Assessment of the effects of changes in body temperature on cardiac electrophysiology in anaesthetised guinea pigs.

INTRODUCTION: Anaesthetised guinea pigs are commonly used within Safety Pharmacology to evaluate drug effects on cardiac electrophysiology. However, anesthesia compromises the ability to thermoregulate, which can be further challenged when more invasive surgery is required. As anaesthetised animals are often used when screening for cardiotoxicity, thereby influencing go/no-go decisions, we wanted to quantify the impact of small temperature changes on the recorded electrophysiological parameters. METHODS: Male guinea pigs were anaesthetised by pentobarbital, placed on a pre-heated table and a rectal thermistor inserted for monitoring of body temperature. After intubation animals were vagotomised and ß-blocked, and lead II ECG needle electrodes attached. Following thoracotomy an atrial pacing electrode was attached and a suction MAP electrode positioned on the ventricular epicardium. In control animals temperature was kept constant (38.1±0.1°C) over the duration of the experiment. Animals in one group were slowly warmed to 41.9°C by a heating plate and a heating lamp, and in another group slowly cooled to 34.4°C by turning off all heating equipment. MAP duration at 90% repolarisation (MAPD90), AV conduction, ECG and body temperature were recorded during cardiac pacing every 5min up to 50min. RESULTS: No time-dependent changes were seen in the control group.

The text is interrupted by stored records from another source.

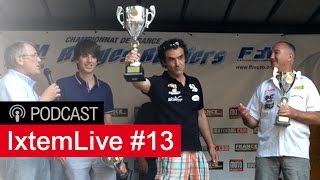 MICHEL BONNEAU COACHE VELARDI ⎮IXTEMLIVE 13 [upl. by Asirak]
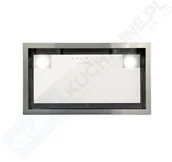 Okapy kuchenne - Cata GC DUAL 45 XG WHITE - miniaturka - grafika 1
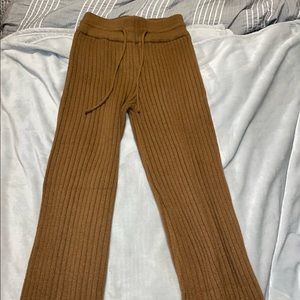 zara flare pants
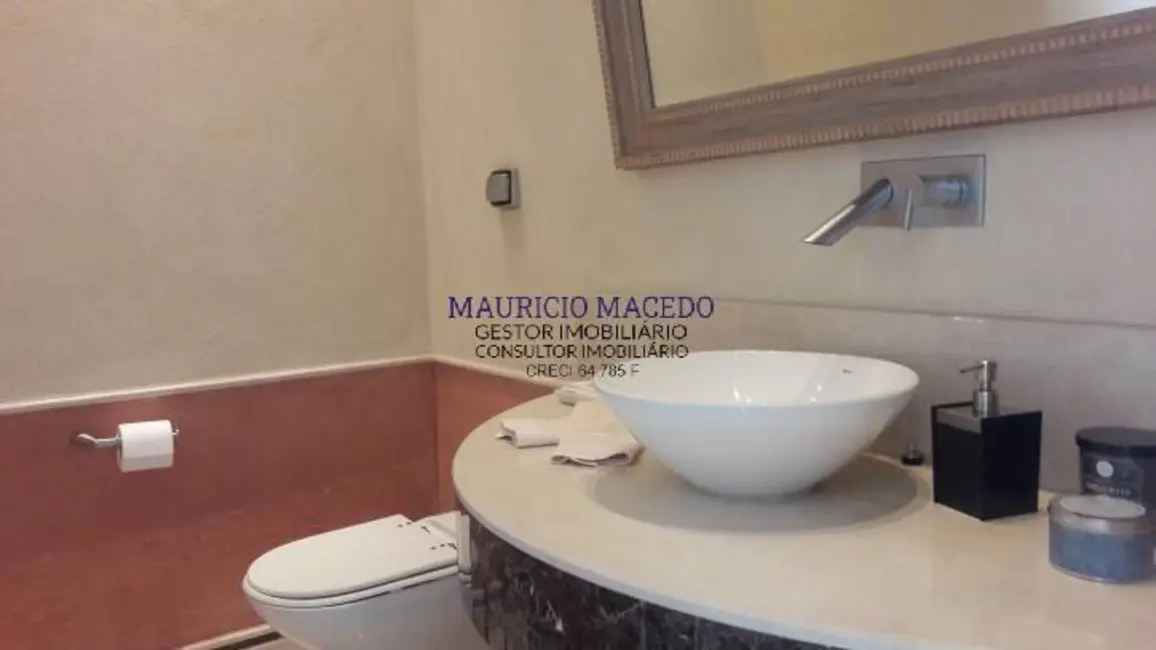 Foto 7 de Casa com 4 quartos à venda, 470m2 em Alphaville Conde II, Barueri - SP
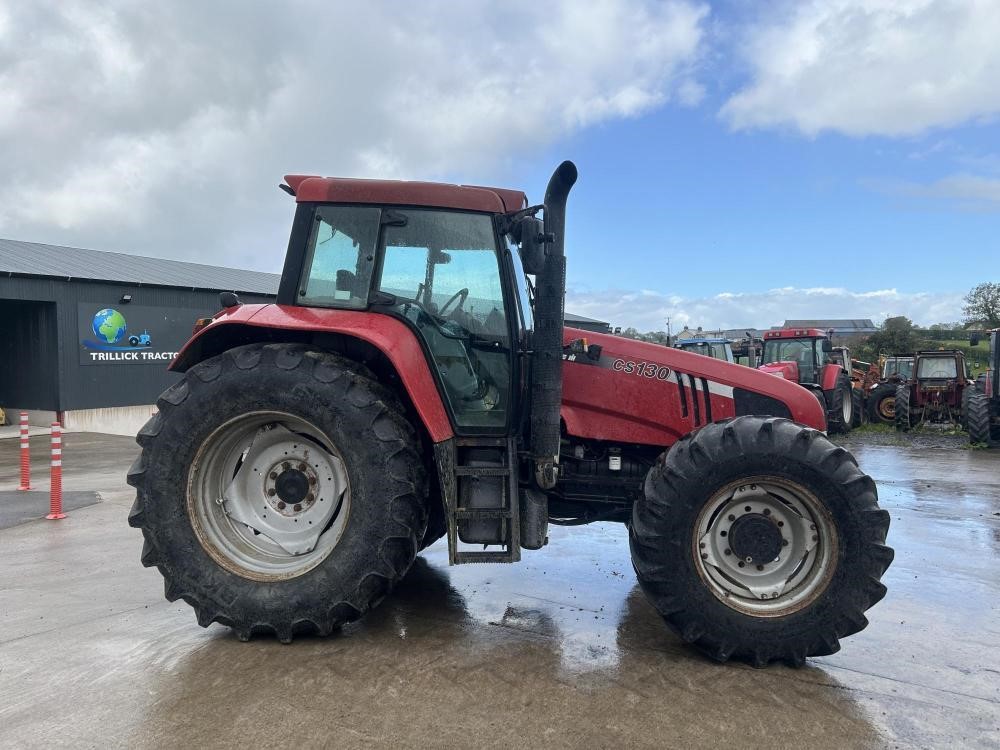 2002 CASE IH CS130 — photo 1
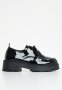 Madison Kia Brogue - Black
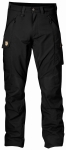 Fjallraven Abisko Trousers, kolor: 550 - Black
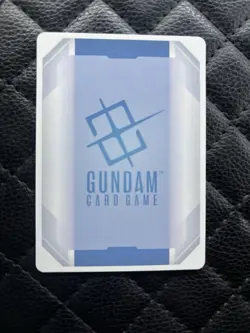 Wing Gundam Zero GD01-024 Newtype Rising Gundam Card Game TCG - NM LR Foil - Image 2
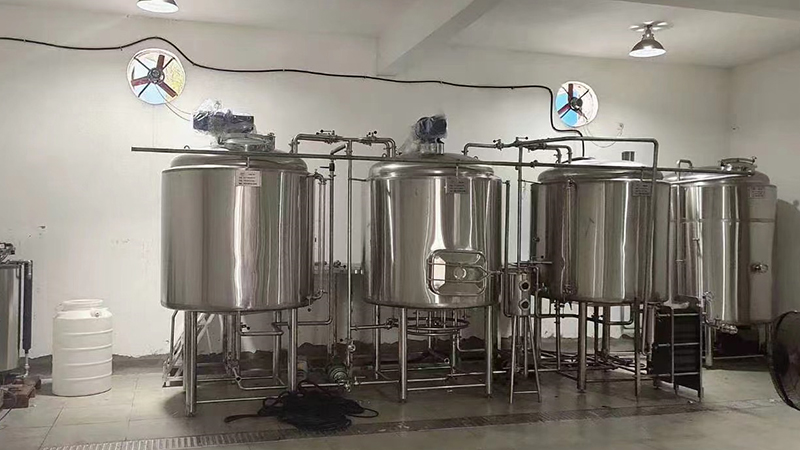 长春沧州075精酿啤酒厂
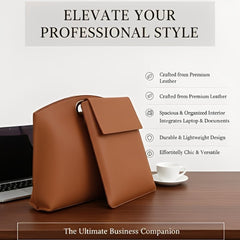 Classy Laptop Handbag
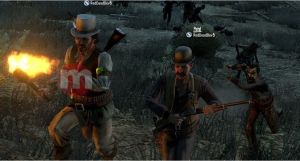 Red Dead Redemption Undead Nightmare 3
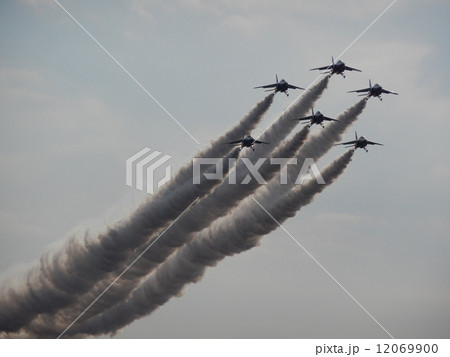 ブルーインパルス ブルーインパルス 12069900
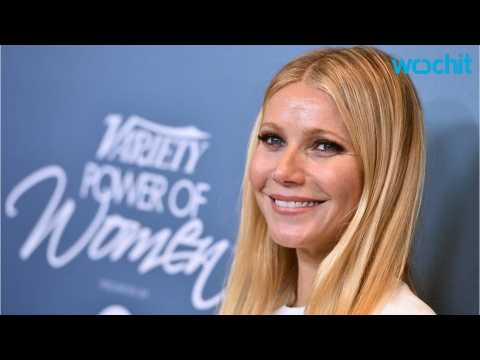 VIDEO : Gwyneth Paltrow Tells Hollywood Women Are Strong And Sexual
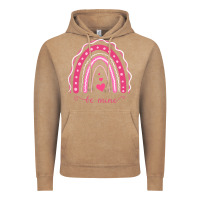 Vintage Coffee Valentines Day Rainbow Vintage Hoodie - Bettercallsaul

In contrast, a linear correlation was found between changes in body temperature and MAPD90, AV conduction, QTc and QRS intervals. For each degree temperature fell below 38°C MAPD90 was prolonged by 6.1ms, and for each degree above 38°C MAPD90 was shortened by 5.3ms. Corresponding changes were seen for QTc interval and AV conduction time, while effects on the QRS interval were smaller. DISCUSSION: The data highlights the importance of carefully controlling body temperature when performing electrophysiological recordings in laboratory animals. A change by a single degree can affect electrophysiological parameters by 5-10%, thus increasing the risk for a false positive or negative interpretation of cardiotoxicity.